The season of giving, or rather of helping others, roared in on two wheels a few weeks ago when the Martha’s Vineyard Harley Riders, which also included off-Island Samaritans, circled the Vineyard in a rugged display of kindness while gathering toys and donations for the Red Stocking Fund.

Red Stocking collects and distributes toys to Vineyard children in need and has done so since 1938. You would be hard put to find a longer history of evoking the spirit of the holidays, of looking in the mirror at your own good fortune and extending it to others.

For a more recent display look no further than the bewhiskered jowls of Vineyard policemen, with the boys in blue from several towns defying protocol and growing beards and mustaches and then shaving them off for charity.

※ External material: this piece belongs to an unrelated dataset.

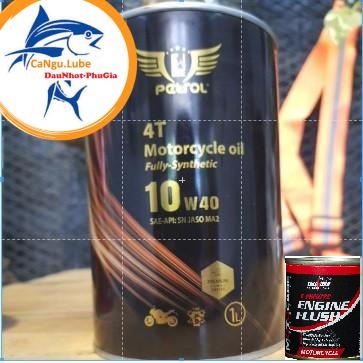 Nhớt xe máy Petrol power 1 10W40, sạch động cơ bằng súc động cơ thunder trước khi thay nhớt petrol Power 1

But of course giving back is not only a seasonal urge here on the Island. Consider the Island Food Pantry and Serving Hands which provide food for the hungry year-round, as does Island Grown Initiative, in particular their lunch program, which helps feed kids during the summer and vacation weeks when subsidized school lunches are on break.

And yet the holiday season does open hearts a bit wider it seems, which is especially important as cold weather and loss of summer incomes loom. There is no better example of this than the houses of worship and their community suppers, which ensure that every day of the week a person can get a free meal in the company of others. The Chilmark Community Church has already started serving pizza on Tuesday evenings and in the new year the other congregations will follow suit with their meals, powered by a village of volunteers.

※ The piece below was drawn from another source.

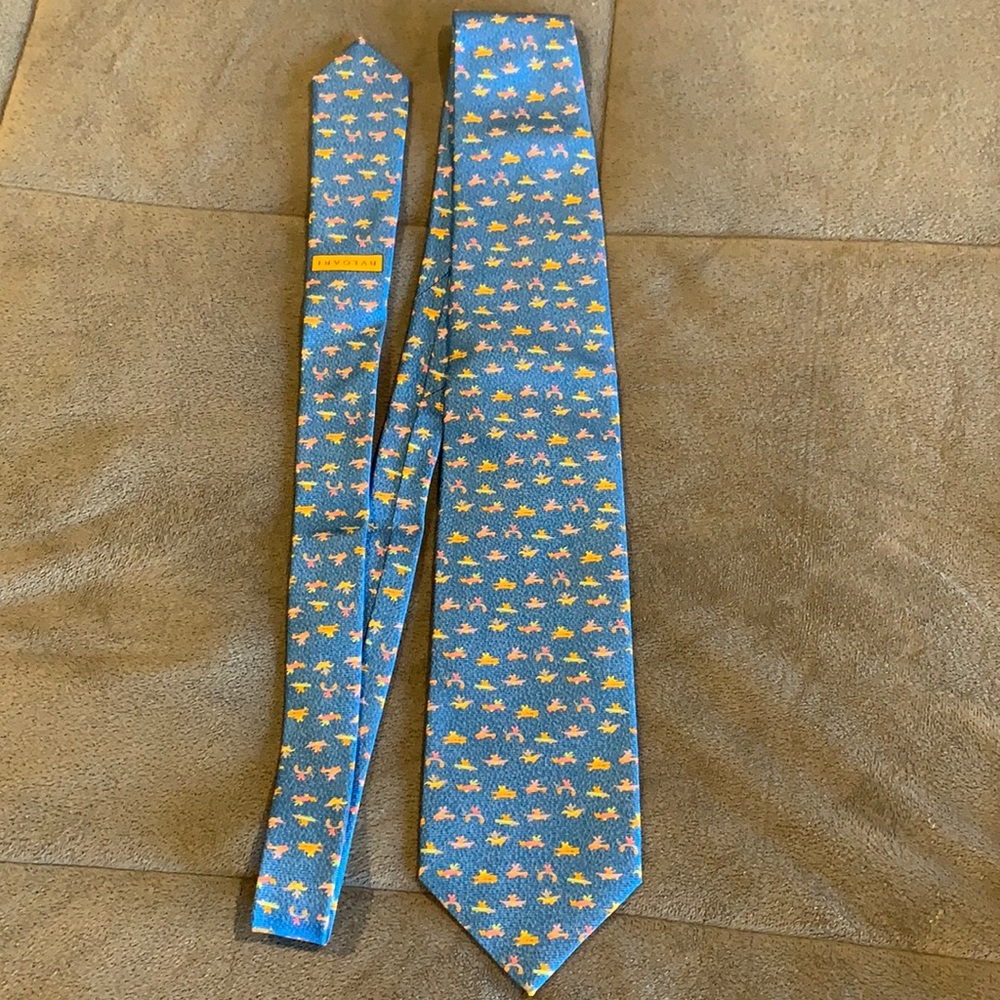 BULGARI Blue Men’s Neck Tie w Mice in Cars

But the congregations did not stop there. They are on the front lines of hardship, witnessing the daily struggles of countless community members, specifically around food and shelter. With food covered, at least in part, they turned to housing. Four years ago they began Houses of Grace shelters, where from Jan. 1 to March 31 the homeless or nearly so can find a bed every night of the week, from 6:30 p.m. to 7 a.m., again powered by volunteers. For those wishing to help out there will be one more volunteer orientation on Wednesday, Dec. 5 at 7 p.m. at Good Shepherd Parish in Oak Bluffs.

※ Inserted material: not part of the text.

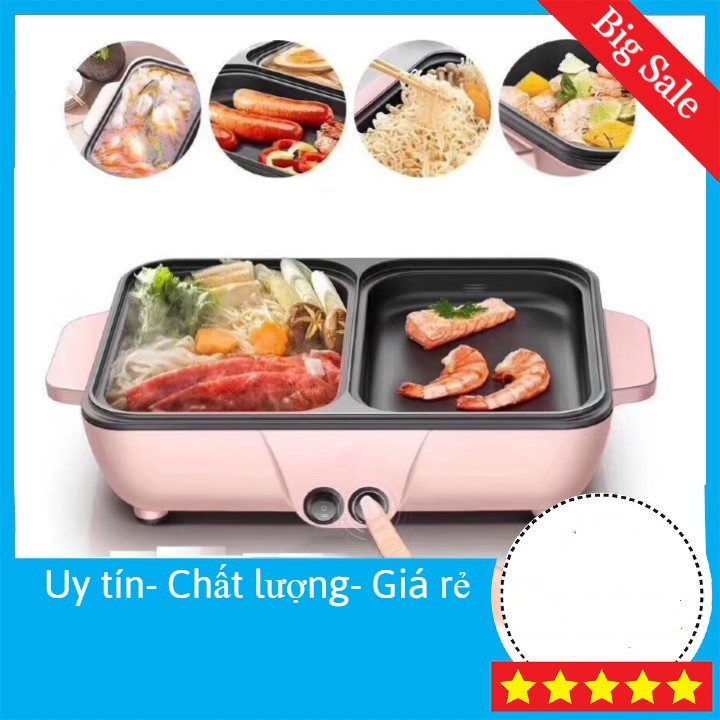 Nồi Lẩu Kiêm Nướng 🥘 2in1 Mini Hàn Quốc🥘 Bếp Lẩu Nướng Đa Năng Cao Cấp💯 Bảo Hành 3 Tháng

Then the houses of worship leaned in some more, looking for a way to help in the daytime hours during the coldest months of a New England winter, before the nighttime shelters open. The answer was a warming shelter at the Good Shepherd Parish, already open this year from Mondays to Saturdays, thankfully so as the cold weather roared in during the Thanksgiving holiday.

The congregations, along with the Social Justice Club at the regional high school, have also organized a weekend retreat in Boston later in December, pairing up with CityReach where students spend a night helping and interacting with the city’s homeless, passing out food and warm clothing, sleeping on the floor of a church, and getting to know their less fortunate brothers and sisters. The weekend helps reveal to this next generation how homelessness is everywhere, in cities and suburbs and enchanted summer vacation destinations, while often remaining out of sight.

Which brings up the question, why is it that the houses of worship and volunteers are bearing the brunt of this work? The county is an essential part of the mix, employing a homeless prevention director and providing funds, but where are the towns and the town discussions? Lack of affordable housing is on agendas but this is often for the lower/middle income brackets. But what of those whose incomes are too low or non-existent to qualify for these programs? Where do they fit in at town talks and meetings?

Recently, a new program called Harbor Homes has approached the various community preservation committees for funds to help create group housing for those who have none, not as a permanent solution but as a way to stabilize individuals in order to begin the next step to more permanent housing. It is hoped that the towns will look upon this proposal favorably, and also use it as a way to keep the conversation going about how to not just thank everyone who has stepped forward with their time and energy, but to look for lasting solutions.

Because no one should go hungry or homeless during the holidays, or at anytime. Not here or anywhere.